2019 Computer History Museum Prize
Winner:
Jaroslav Švelch, Gaming the Iron Curtain How Teenagers and Amateurs in Communist Czechoslovakia Claimed the Medium of Computer Games (MIT Press, 2018).
Prize Citation:
Jaroslav Švelch’s Gaming the Iron Curtain makes an important and fascinating intervention into the history of computing, challenging many basic categories in the field. The history of computing has long privileged the United States and Western Europe. Particularly during the Cold War, these regions have been treated as the primary sources of innovation and novelty, in contrast with the presumed computing backwaters of Soviet Bloc nations and the developing world. Gaming the Iron Curtain challenges this view, showing that computer users and developers in communist Czechoslovakia demonstrated considerable innovation despite and even because of their limited access to Western technology. They developed novel computers and games, creatively modified and built upon pirated code, and built hardware gaming interfaces from available materials.

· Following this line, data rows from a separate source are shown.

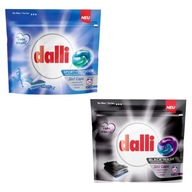 DALLI kapsule na pranie 2x24 ks DALLI kapsule na pranie 2x24 ks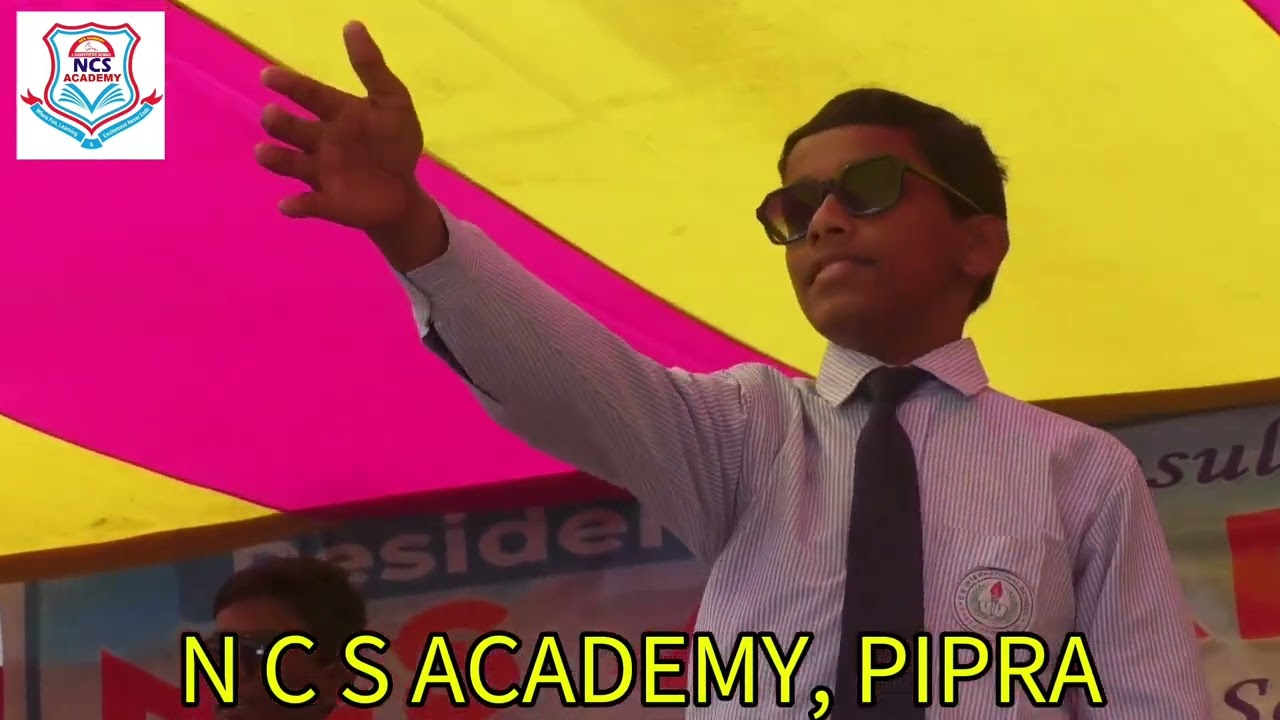 lazy dance, ncs academy pipra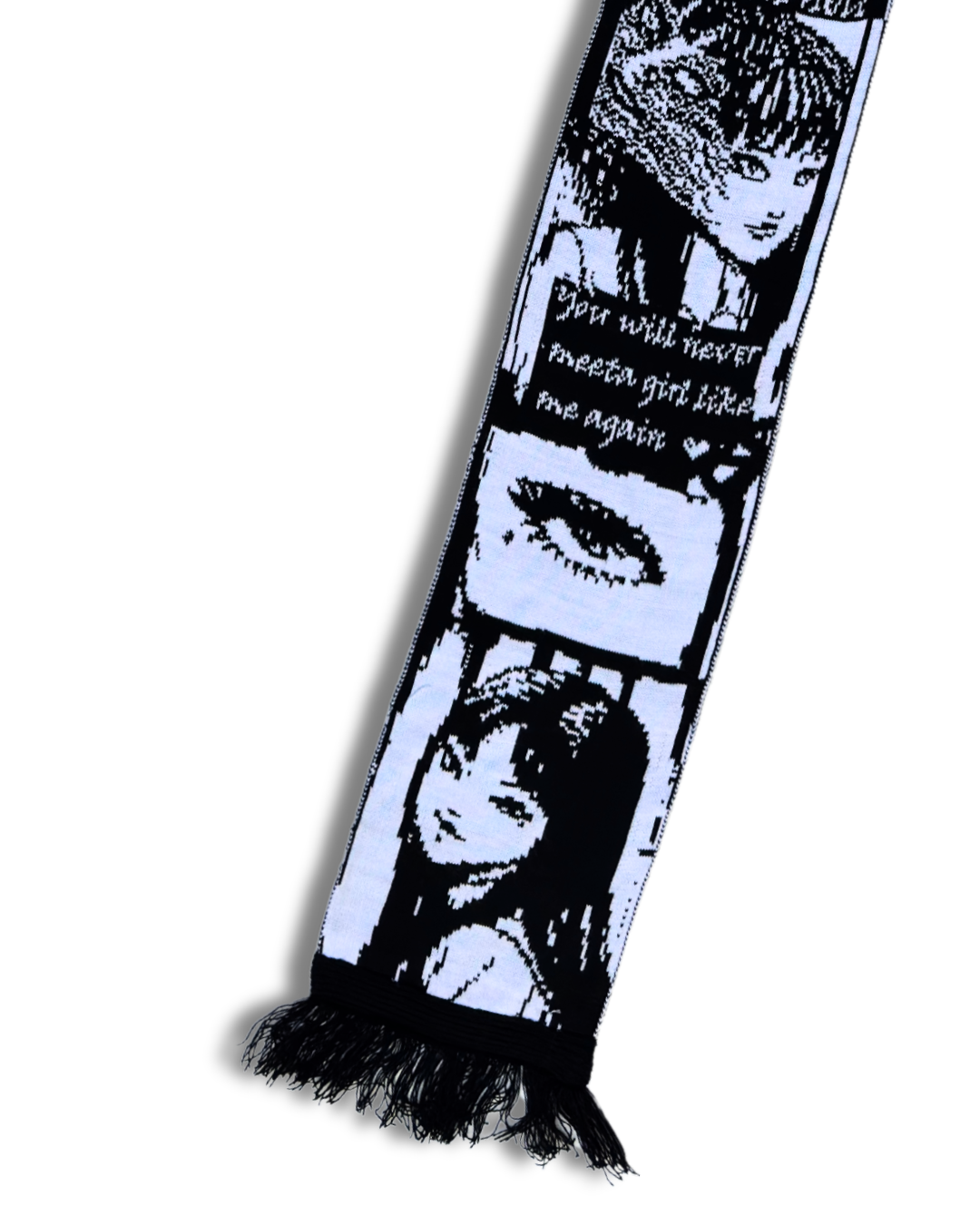 TOMI JUNJI ITO COLLECTION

They also alternately utilized (“gamed”) the resources and practices of a centralized state, and critiqued the politics of that state. The book reveals the movement of technology across national borders and through an Iron Curtain that many have assumed to be impenetrable, making a significant contribution to the understanding of computing as a transnational activity. It highlights the distinctive ways in which gaming culture evolved in an environment that was not dominated by mass produced commercial technology and magazines. The book represents an impressive feat of empirical research, based on oral histories and previously unused archival sources. Finally, the book is beautifully written, providing a great deal of historical and theoretical framing while maintaining a lively and engaging narrative.
About the CHM Prize:
The Computer History Museum Prize is awarded to the author of an outstanding book in the history of computing broadly conceived, published during the prior three years. The prize of $1,000 is awarded by SIGCIS, the Special Interest Group for Computers, Information and Society. SIGCIS is part of the Society for the History of Technology. In 2012 the prize was endowed in perpetuity through a generous bequest from the estate of Paul Baran, a legendary computer innovator and entrepreneur best known for his work to develop and promote the packet switching approach on which modern networks are built. Baran was a longtime supporter of work on the history of information technology and named the prize to celebrate the contributions of the Computer History Museum to that field.